Russia’s war on Ukraine. 18.09.2023
- Опубліковано: CDS
- Категорія: DailyBrief
In the operational zone of the Ukrainian Operational-Strategic Group of Forces (OSG) “Khortytsia” on the Bakhmut direction, the Ukrainian Defense Forces successfully repelled enemy attacks in the Bila Hora area. Russian forces made unsuccessful attempts to breach the defense of the Ukrainian forces in the Andriivka area. The Defense Forces continue assault operations in the area of Klishchiivka, inflicting significant losses on the enemy in both personnel and equipment, and consolidating their achieved positions.
In the “Tavriya” OSG operational zone on the Maryinka direction, Russian forces conducted unsuccessful offensive actions in the Maryinka area, making 10 unsuccessful attempts to dislodge Ukrainian units from their positions. In the Avdiyivka and Shakhtarsk directions, the Ukrainian Defense Forces maintain the initiative, exert pressure on the enemy, and conduct assault operations.

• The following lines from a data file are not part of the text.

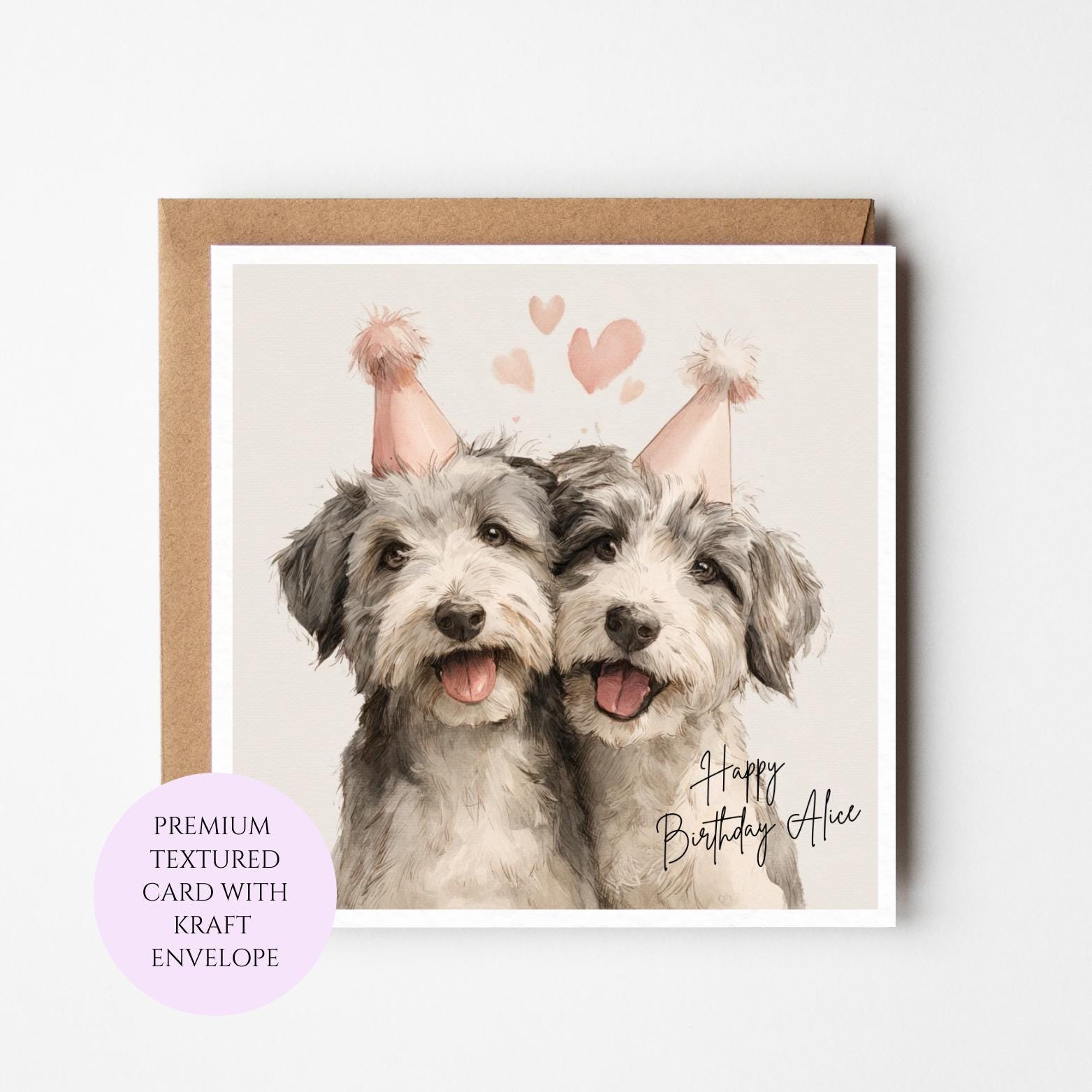 Personalised Schnauzer Birthday Card – Watercolor Dog Art, Sister Friend Mum Gift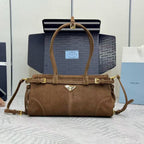 TOTE BAG WITH BELT 32 IN RUSSET BROWN SUEDE GOLD HARDWARE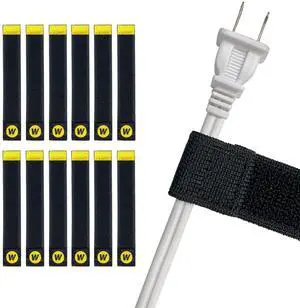 Selfie Straps by - 6-inch (12-Pack) Black | Elastic Hook and Loop Cord Organizer Wraps for Phone Charger, Computer, Electrical Charging Cord and Cable Storage Selfie Straps by - 6-inch (12-Pack) Black | Elastic Hook and Loop Cord Organizer Wraps for Phone Charger, Computer, Electrical Charging Cord and Cable Storage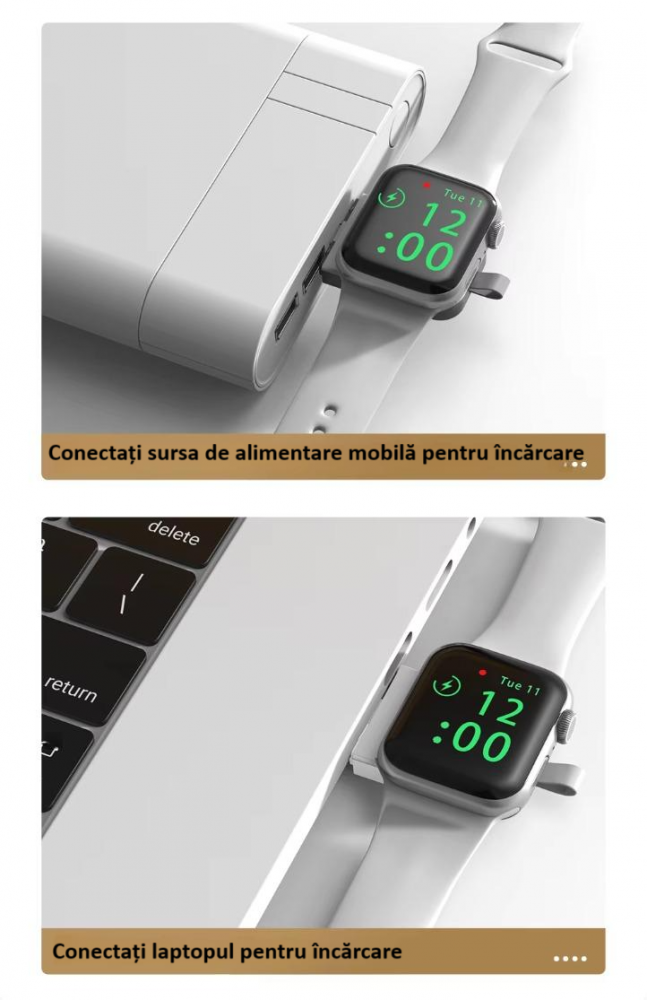 Incarcator wireless tip statie de incarcare 6 in 1, boxa, ceas, Bluetooth, fast charge, incarcare rapida, compatibil cu Apple Watch, AirPods, iPhone, Android, Samsung, telefoane cu functia Qi, negru [13]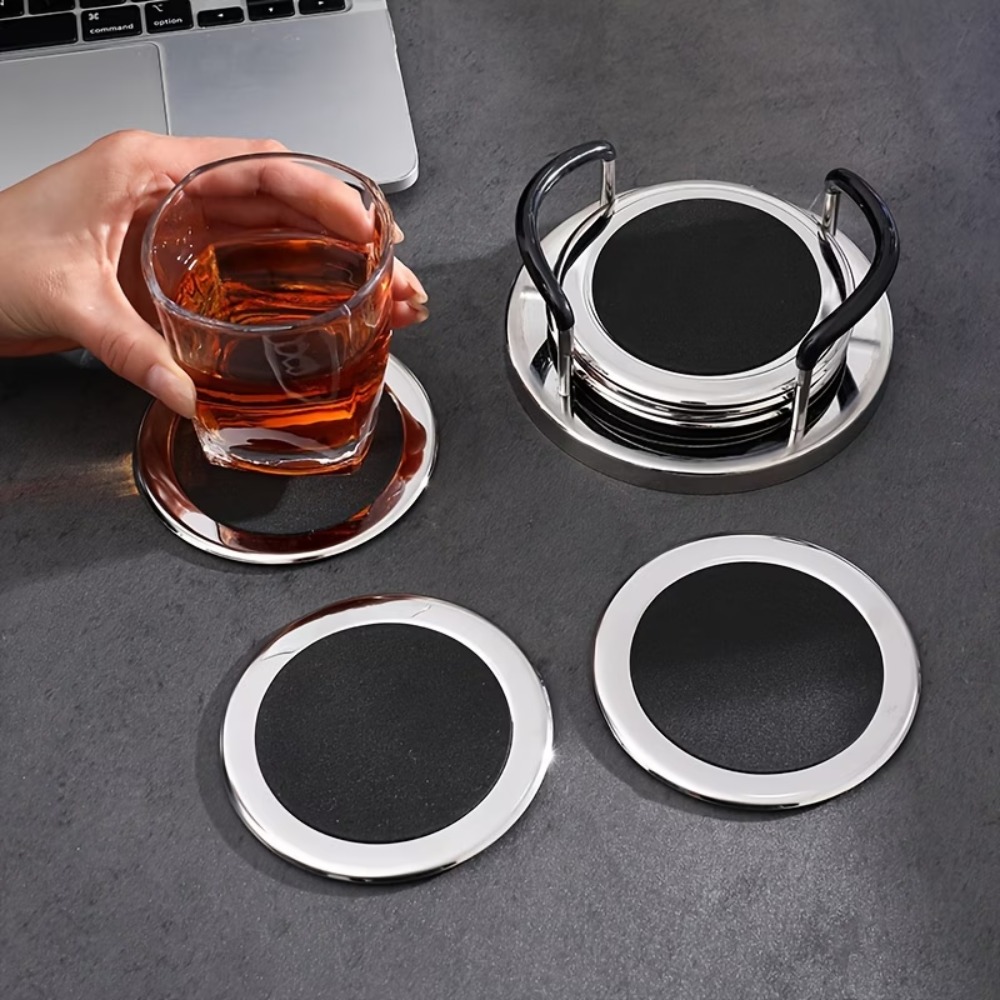 Marble Coaster Set - 6개/세트 원형 스테인리스 코스터 미니멀리스트 방수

On the Melitopol direction, the Ukrainian Defense Forces continued the offensive operation, inflicting significant losses on the Russian forces in both manpower and equipment, forcing them to retreat from their positions.
In the operational zone of the “Odesa” OSG, the Ukrainian Defense Forces are conducting counter-battery warfare, destroying the enemy’s logistics, deployment sites, and firing positions.
- The regrouping of the Russian “Zapad” Operational Grouping at the Kupyansk-Svatove line explains the decrease in the overall intensity of hostilities in the Kupyansk direction.
- The combat actions on the Berdyansk direction mostly have a positional character. The “Tavriya” OSG is conducting troop rotations, the combat readiness of which has noticeably decreased.
- All formations and military units of the Russian Airborne Forces are engaged in combat operations either on the Bakhmut or on the Tokmak directions.
Change in the line of contact (LoC):
- 35 combat engagements took place on different directions.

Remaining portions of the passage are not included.